- **Problem**: The listing below has to be output exactly as given, less its pictures.

====================

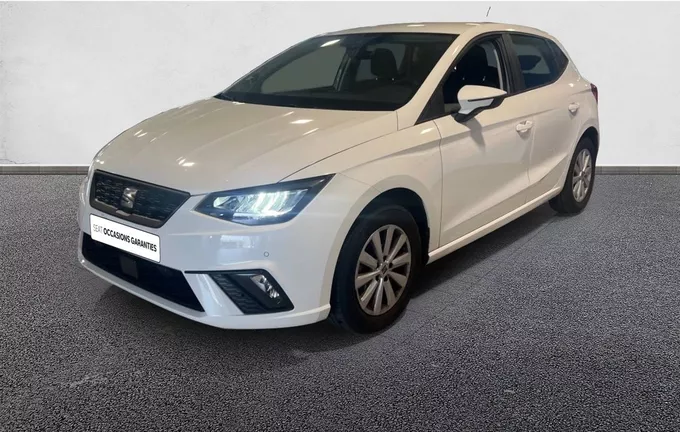 SEAT IBIZA 1.0 EcoTSI 95 ch S/S BVM5 Style Business extérieur trois quart avant gauche 2131000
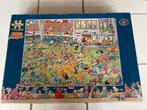 Jan van Haasteren Voetbalkampioenschappen 2000 stukjes, Ophalen, Meer dan 1500 stukjes, Gebruikt, Legpuzzel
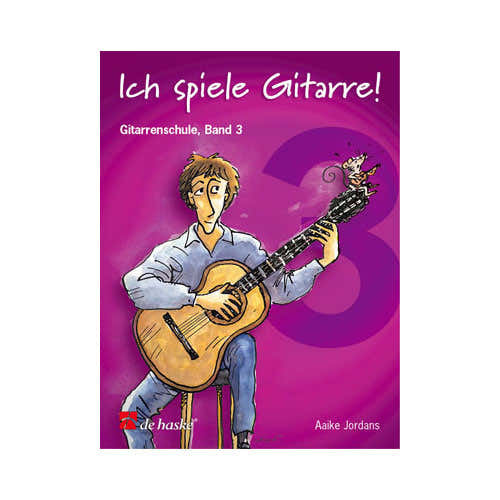 Ich spiele Gitarre! 3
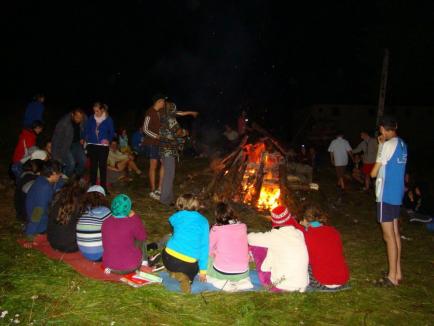 Consiliul Județean Bihor vrea să facă, pe bani europeni, o tabără pentru copii la Vașcău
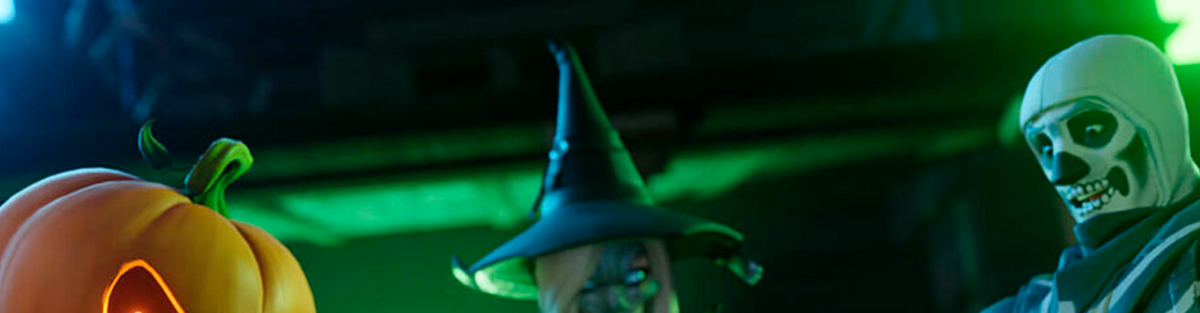 Ready to get into the spooky vibe?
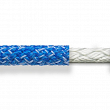 Трос для яхтинга FSE Robline Sirius Grip 7154586 12 мм 3000 дН синий-белый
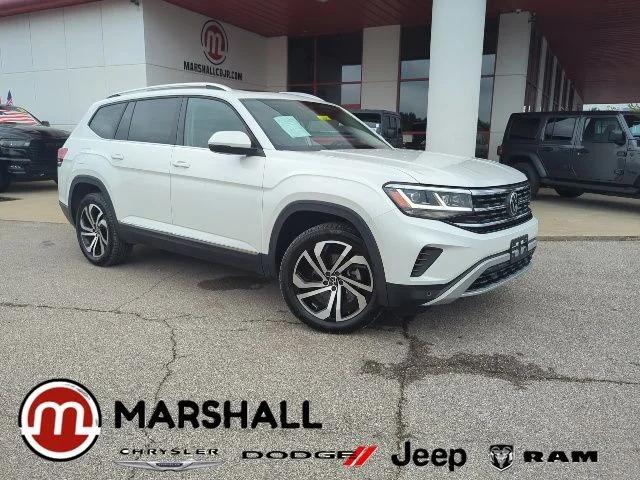 2023 Volkswagen Atlas 3.6L V6 SEL for sale in Crittenden, KY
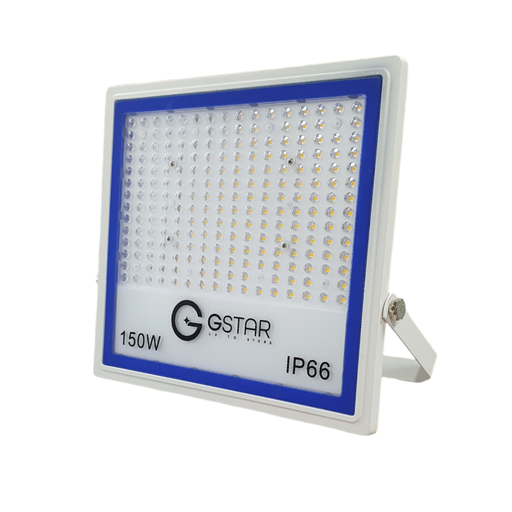 بروجكتر 150W واط كريمي (اوف وايت) شركة G-STAR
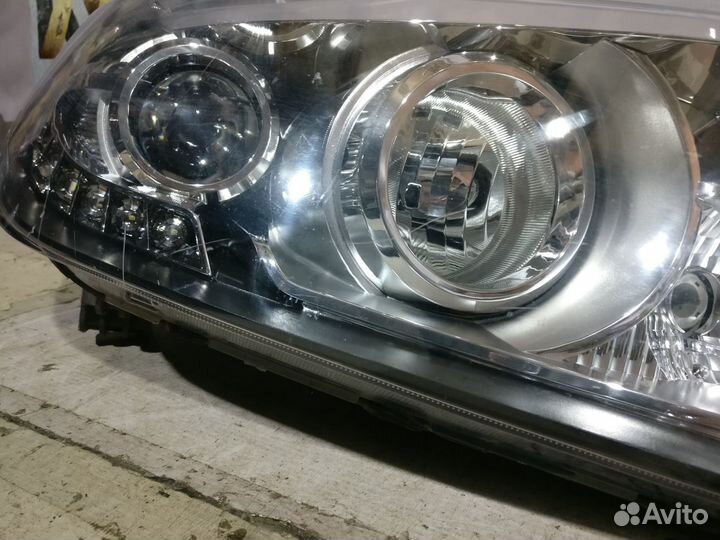 Chery Tiggo 5 Фара Правая 16755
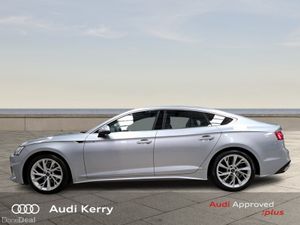 Audi A5 SPORTBACK 2.0 35TDI 163BHP SE AUTOMATIC - Image 4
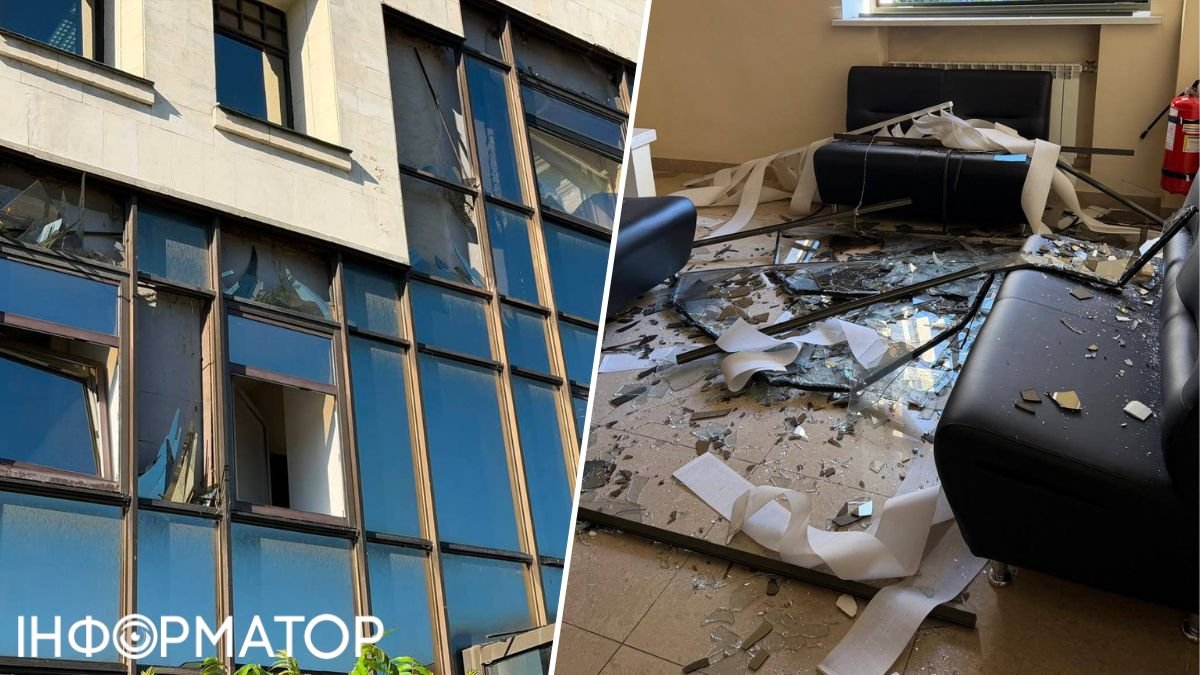 Будівля ВАКС у Києві постраждала від нічного удару РФ - засідання відбудуться за графіком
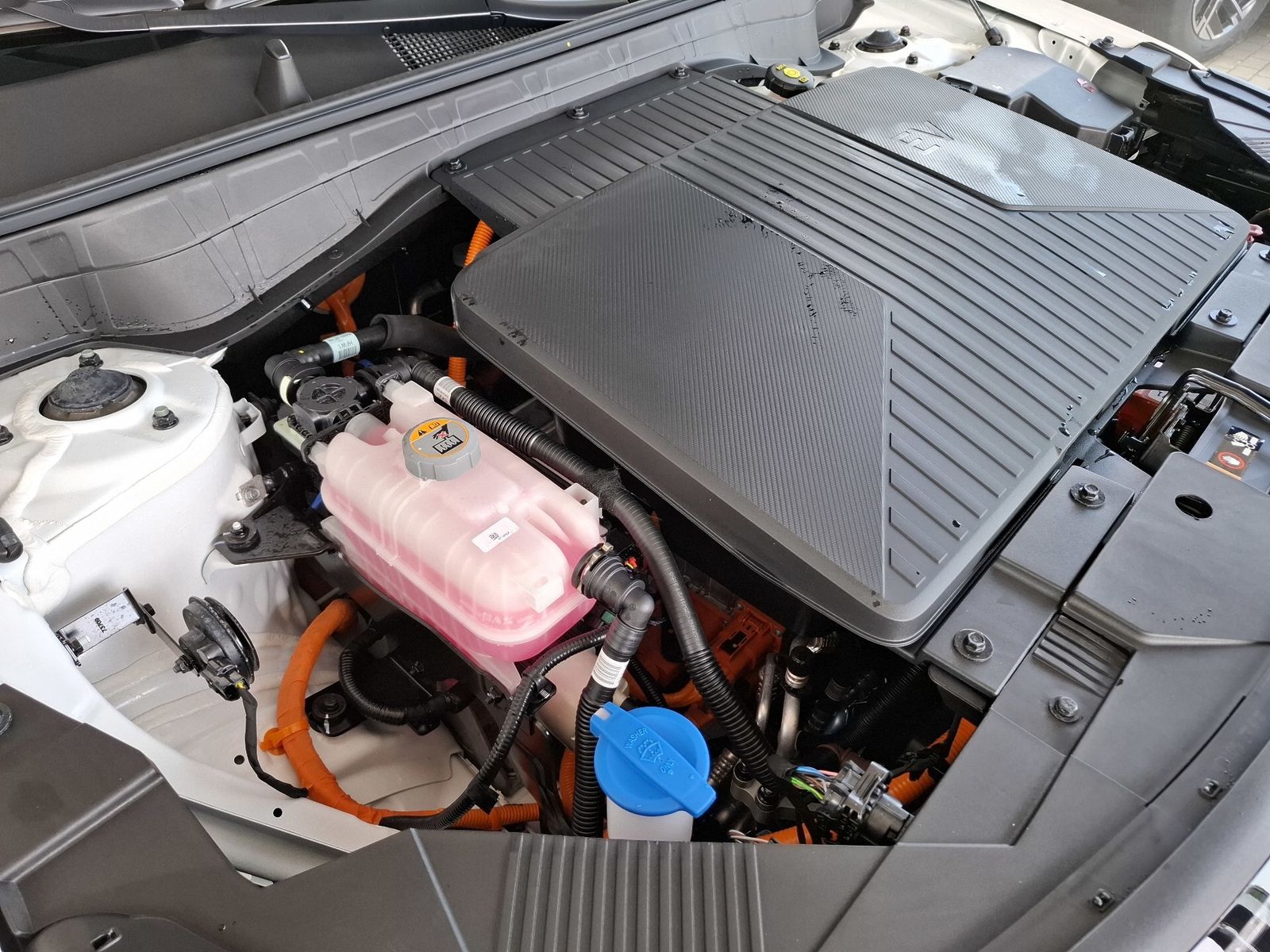 Hyundai KONA Elektro - Bild 39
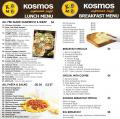Kosmos Espresso Cafe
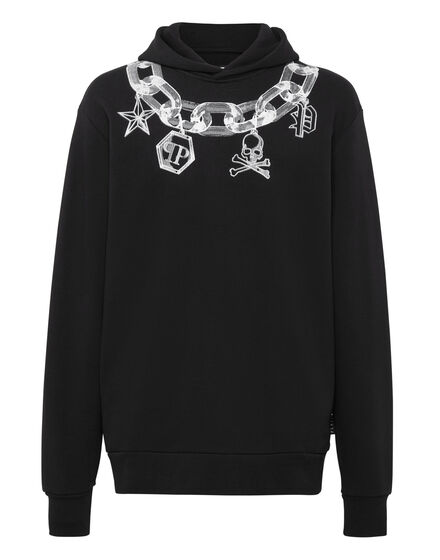 Hoodie sweatshirt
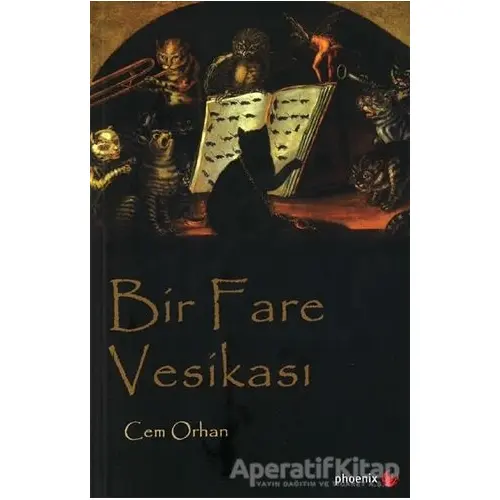 Bir Fare Vesikası - Cem Orhan - Phoenix Yayınevi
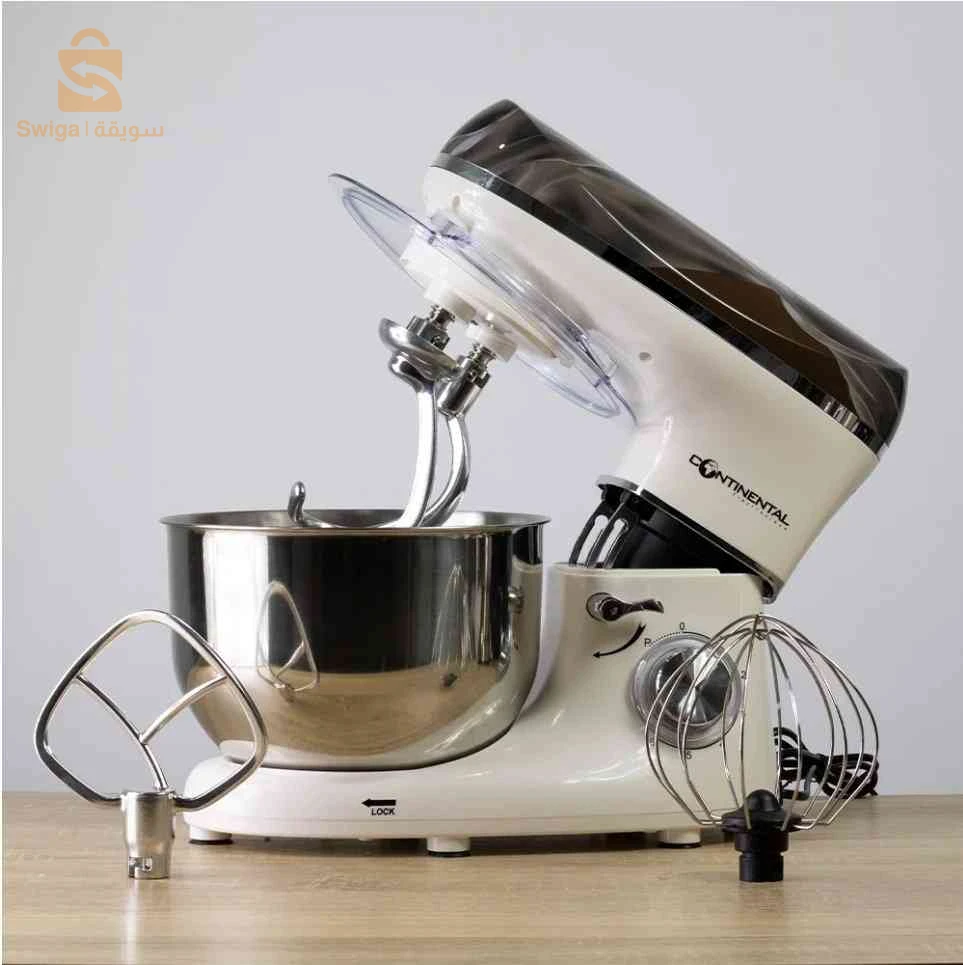 Petrin Continental 2000W 6L double crochet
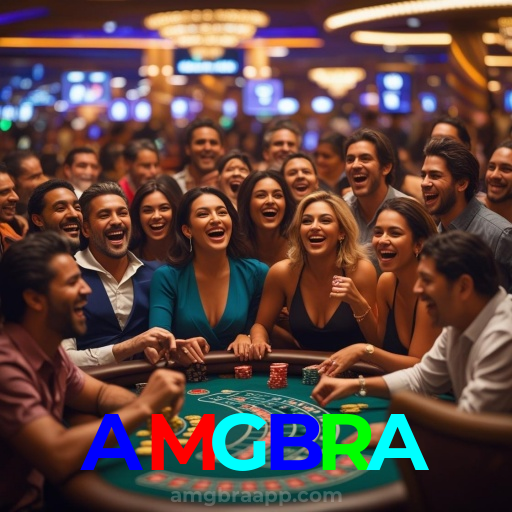 AMGBRA：Jogue poker e aposte no futebol online, tudo no mesmo lugar!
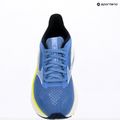 Moteriški bėgimo batai Mizuno Wave Inspire 22 ultramarine/white/lightning yellow 12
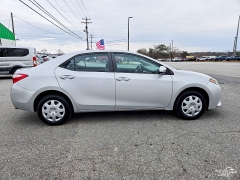 Used 2015  Toyota Corolla 4dr Sdn &lpar;Natl&rpar; at Auto Finance Center of Greer near Greer&comma; SC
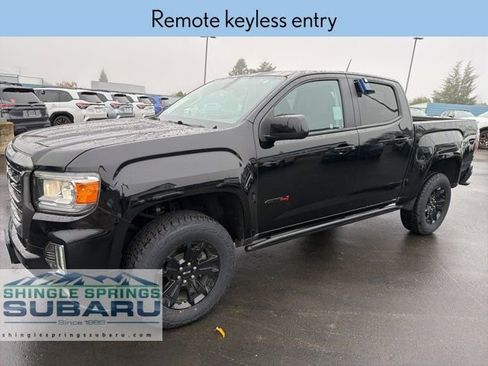 Used 2022 GMC Canyon AT4 image 10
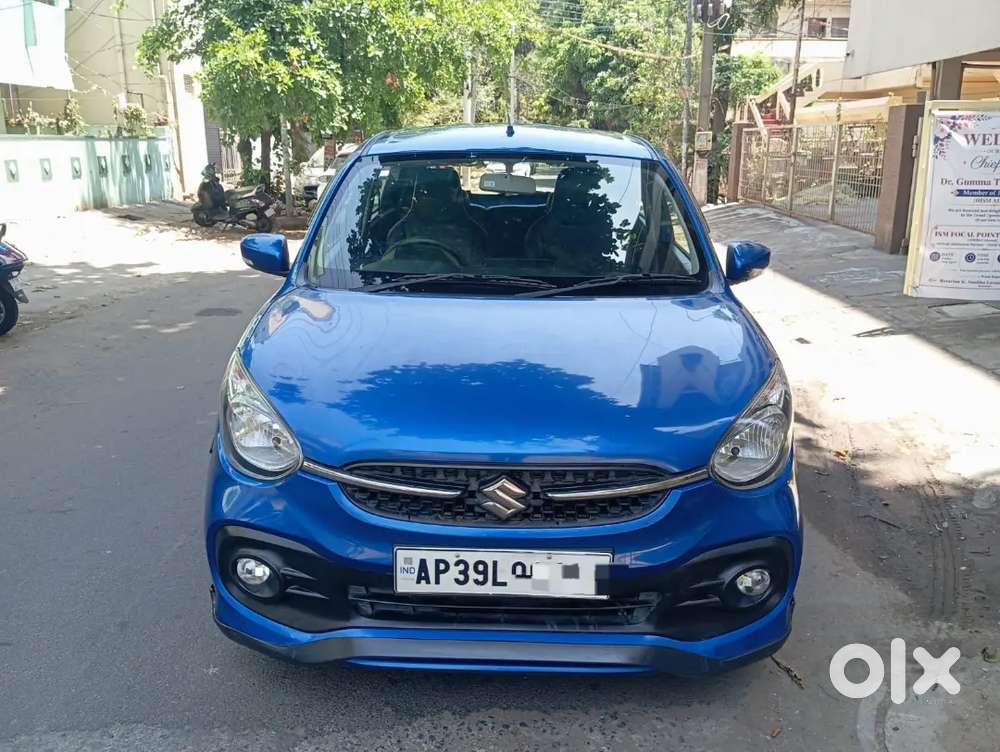 Celerio 1.0 Zxi Plus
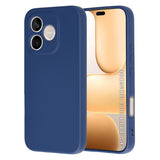 Husa pentru Honor 600 Lite, Techsuit SoftFlex, bleumarin
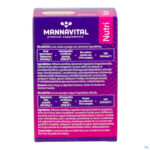 Packshot Mannavital Relaxoton Comp 60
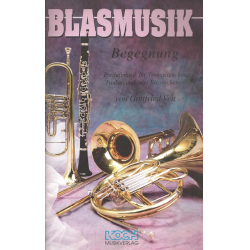         Begegnung (Festmusik für Trompetenchor, Pauken und zwei Blasorchester) - Gottfried Veit
    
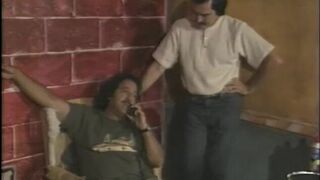 BBW sluts want to please this horny man in a row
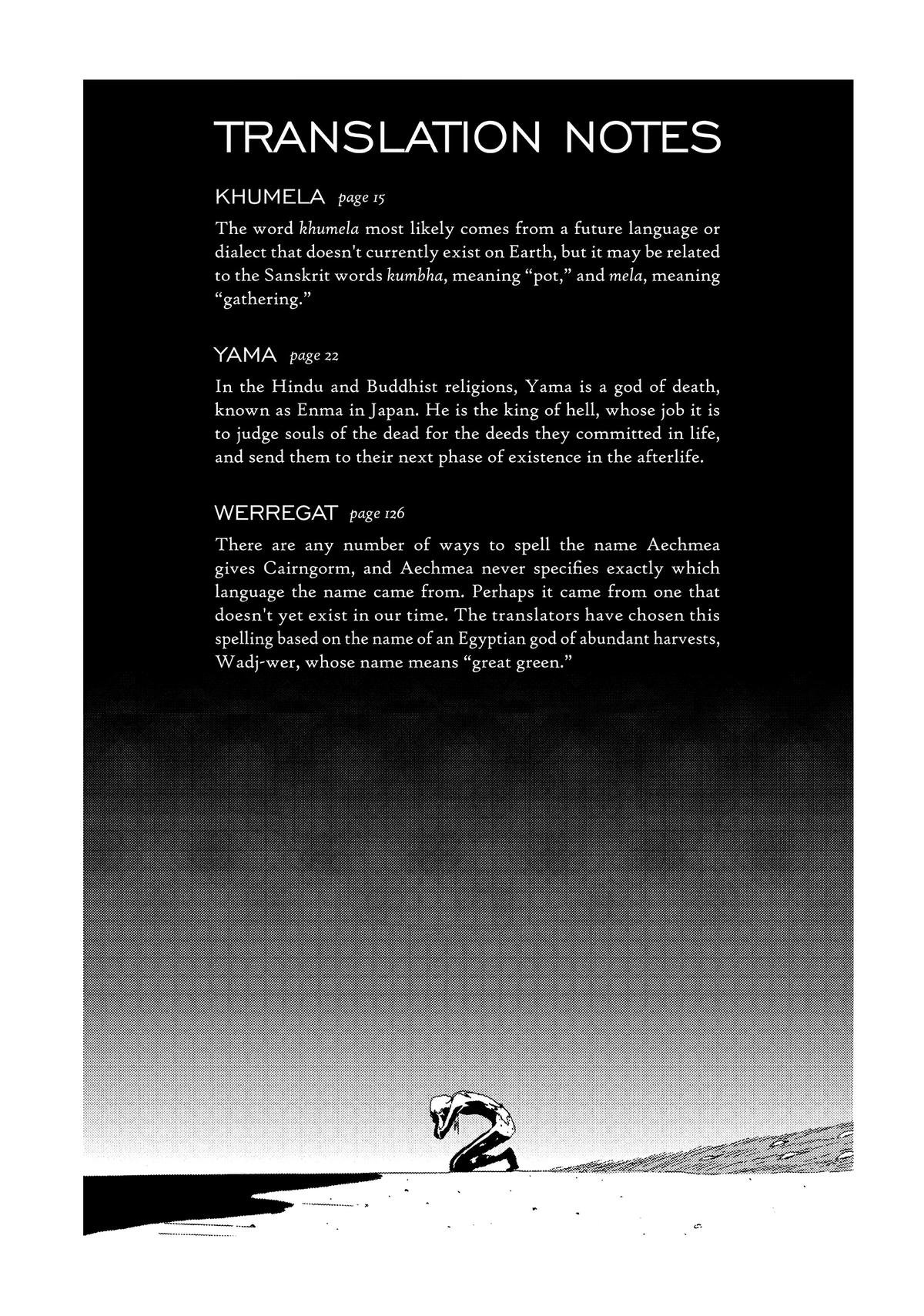 Read Land of the Lustrous EN Manga Online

====================

- **Finished task**:
 SEAT IBIZA 1.0 EcoTSI 95 ch S/S BVM5 Style Business extérieur trois quart avant gauche 2131000
 Jan van Haasteren Voetbalkampioenschappen 2000 stukjes, Ophalen, Meer dan 1500 stukjes, Gebruikt, Legpuzzel
 Ich spiele Gitarre! 3
 Consiliul Județean Bihor vrea să facă, pe bani europeni, o tabără pentru copii la Vașcău
 Ready to get into the spooky vibe?
 Трос для яхтинга FSE Robline Sirius Grip 7154586 12 мм 3000 дН синий-белый
 2023 Volkswagen Atlas 3.6L V6 SEL for sale in Crittenden, KY
 بروجكتر 150W واط كريمي (اوف وايت) شركة G-STAR
 Chery Tiggo 5 Фара Правая 16755
 Audi A5 SPORTBACK 2.0 35TDI 163BHP SE AUTOMATIC - Image 4
 Будівля ВАКС у Києві постраждала від нічного удару РФ - засідання відбудуться за графіком
 Hyundai KONA Elektro - Bild 39
Kosmos Espresso Cafe
 Hoodie sweatshirt
 Bir Fare Vesikası - Cem Orhan - Phoenix Yayınevi
 Petrin Continental 2000W 6L double crochet
 AMGBRA：Jogue poker e aposte no futebol online, tudo no mesmo lugar!
 Moteriški bėgimo batai Mizuno Wave Inspire 22 ultramarine/white/lightning yellow 12
 Used 2015  Toyota Corolla 4dr Sdn &lpar;Natl&rpar; at Auto Finance Center of Greer near Greer&comma; SC
 Used 2022 GMC Canyon AT4 image 10
 Celerio 1.0 Zxi Plus
 Husa pentru Honor 600 Lite, Techsuit SoftFlex, bleumarin
 Packshot Mannavital Relaxoton Comp 60
         Begegnung (Festmusik für Trompetenchor, Pauken und zwei Blasorchester) - Gottfried Veit
    
 BBW sluts want to please this horny man in a row
 Read Land of the Lustrous EN Manga Online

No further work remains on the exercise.